Counter argument, they listened to the marketing data not the fans, if they'd listen to fans of these settings they wouldn't have bundled it.

They'd have gotten the right people involved, Spelljammer should have been lead by Jeff Grubbs, he offered, and it's what Spelljammer fans wanted, instead it was lead by folks on the D&D team who are mostly horrible at setting products. The best setting products in 5e were all done by folks outside of the D&D team. Eberron, Wildemount, Theros, Ravnica, and Radiant Citidel were all lead by folks not on the D&D team.
What is "best" is always a matter of personal taste. Wildemount is a setting guide more in line with older editions of the game. It's meaty, it's packed, and you need time to digest it. I love Wildemount. Eberron is a bit lighter on the setting aspects and already focuses more on playable content. Theros and Ravnica have thread-bare settings. The meat of the books lies in the gods and guilds. It looks like the D&D department wasn't allowed to add anything to the setting lore. Thus, it's focusing on adventuring material like gods, guilds, and connected adventuring sites. Radiant Citadel isn't even primarily a setting guide, but an adventure collection.

Also. the page count between the initial Planescape and Spelljammer boxed sets, and the new 3-book-sets was about the same as an introduction to the setting. Both settings have added a lot of lore after the initial boxed sets, and so we older people expect that to be present in the new editions. But the goal seems to have shifted to delivering more immediately gameable content as oppossed to lore-heavy books.
 

Mind of tempest

(he/him)advocate for 5e psionics
One thing which was vital to turning WoW around was that the stuck-in-their-ways people who were in charge of WoW prior to Hight were gone.

He didn't have to remove most of them, because they mostly abandoned ship due to being adjacent to various horrifying scandals/allegations, but them being gone was vital.
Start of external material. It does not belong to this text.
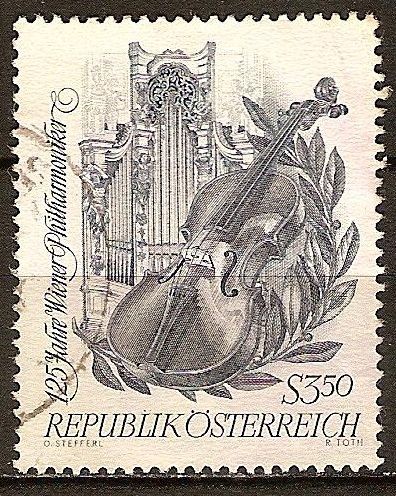 125 años de la Orquesta Filarmónica de Viena.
This is what allowed them to become more creative, experimental, etc.

That's not going to be possible as long as Crawford and Perkins are in charge, frankly. They've both shown that they're actively opposed to doing anything particularly creative or experimental, and not really interested in trying stuff out. They both want a single, unified, monolithic D&D.
I can get unified in the sense that all parts can be used with all other parts but monolithic does nothing, they need some more experimental voice on the team to counter them
 

Echohawk

Shirokinukatsukami fan
I would air some caution here. As a consumer who reads reviews for non-TTRPG products, I don't just look at the rating; I also look at things like how many people have reviewed the product, as that has a larger sample size behind the rating.
I agree 100%. My point was not that RPGGeek ratings are a particular authority on product quality, but to highlight that claims of WotC "bungling" 5e setting updates seldom seem to be based on anything more that "I didn't like it so it must be a failure". A look at some actual ratings (however imprecise) doesn't really support claims of bungling.

For the record, my personal views are that 5e Spelljammer missed the mark, 5e Planescape was fairly decent although limited in what it covered, and 5e Ravenloft was a great product provided that you don't care at all about the setting's 2e/3e continuity. None of those opinions qualify me to make sweeping statements about how successful those products were.